Brimming with vibrant hues of blue, red and yellow, Photoshop CS: 72 by 110 inches, 300 DPI, RGB, square pixels, default gradient "Blue, Red, Yellow" mousedown y=11050 x=3350, mouseup y=16300 x=19900, 2009, is a quintessential example of Cory Arcangel’s salient Photoshop Gradient Demonstrations. With each title disclosing the specific x and y coordinates of pre-set colours in the graphics-editing programme Adobe Photoshop, Arcangel’s series of glossy c-prints examines the relationship between art history and modern technology. Utilising digitally concocted pigments and technical printing, the present work becomes an algebraic readymade that pays irreverent homage to Marcel Duchamp and the American Colour Field painters.
Discovering high-speed internet connection whilst studying at the Oberlin Conservatory of Music in 1996, Arcangel became fascinated with the myriad possibilities surrounding the realm of contemporary technology.
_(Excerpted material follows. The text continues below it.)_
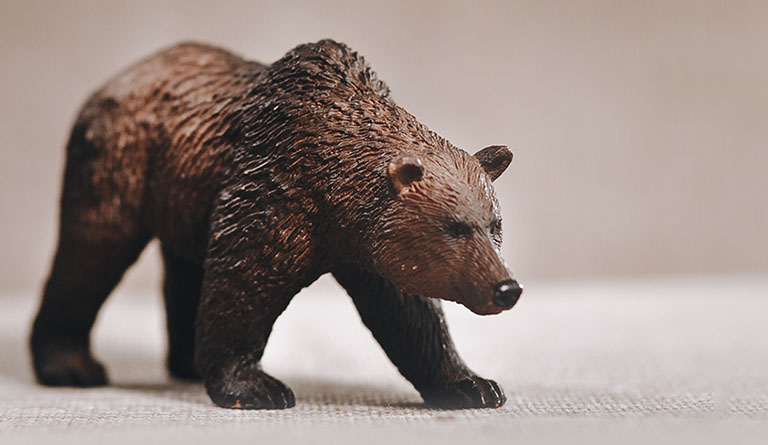 Image of a brown figurine bear positioned on the left of the banner looking towards the right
Pairing his classical guitar studies with courses in music technology and coding, the artist developed an exceptional practice spanning internet-based interventions that saw him repurpose digital tools such as Youtube, Garageband and Photoshop. He remarked, ‘I wait for culture to swim by me, and then I snap it up’ (Cory Arcangel, quoted in Miranda Siegel, ‘The Joys of Obsolescence’, New York Magazine, 15 May 2011, online).
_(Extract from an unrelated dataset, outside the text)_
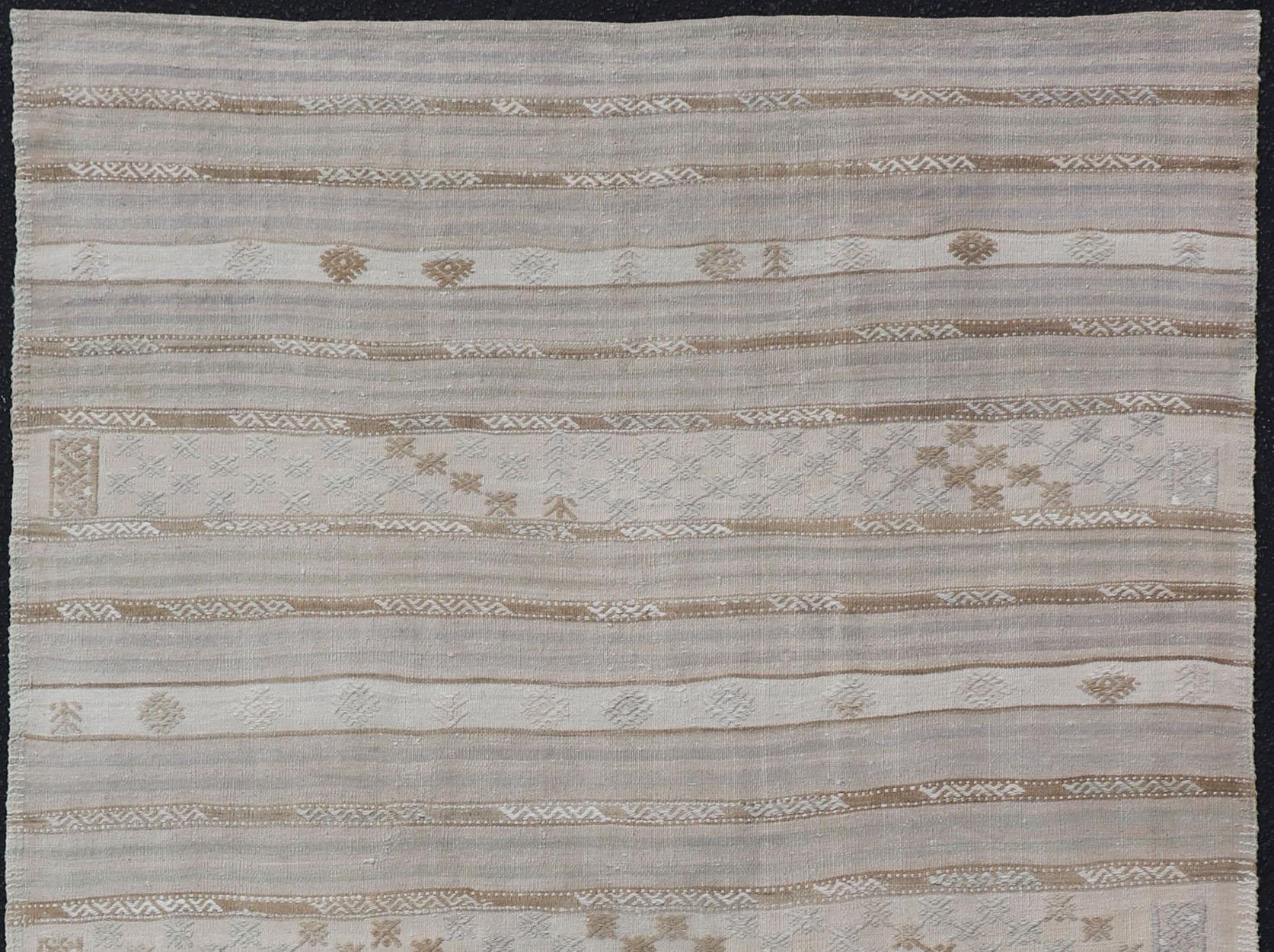 Turkish Kilim vintage carpet in light taupe, pale lavender, light brown, light gray and Cream, rug EN-179780, country of origin / type: Turkey / Kilim , circa 1950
First garnering critical acclaim in the early 2000s with tongue-in-cheek works that reworked the mechanisms of old computer games, Arcangel became one of the leading contemporary artists to explore the intersection between artistic creation and the digital. As noted by Christiane Paul on the occasion of the artist’s exhibition at the Whitney Museum of American Art, Arcangel’s works ‘ultimately do not evaluate technology itself but the human perspective on it—the ways in which we play with tools to engage the world’ (Christiane Paul, Cory Arcangel: Pro Tools, exh. brochure, Whitney Museum of American Art, New York, 2011, p. 28). Layering primary colours in a way that is redolent of a colour temperature chart, the present work touches precisely upon this notion of phenomenological human perspective.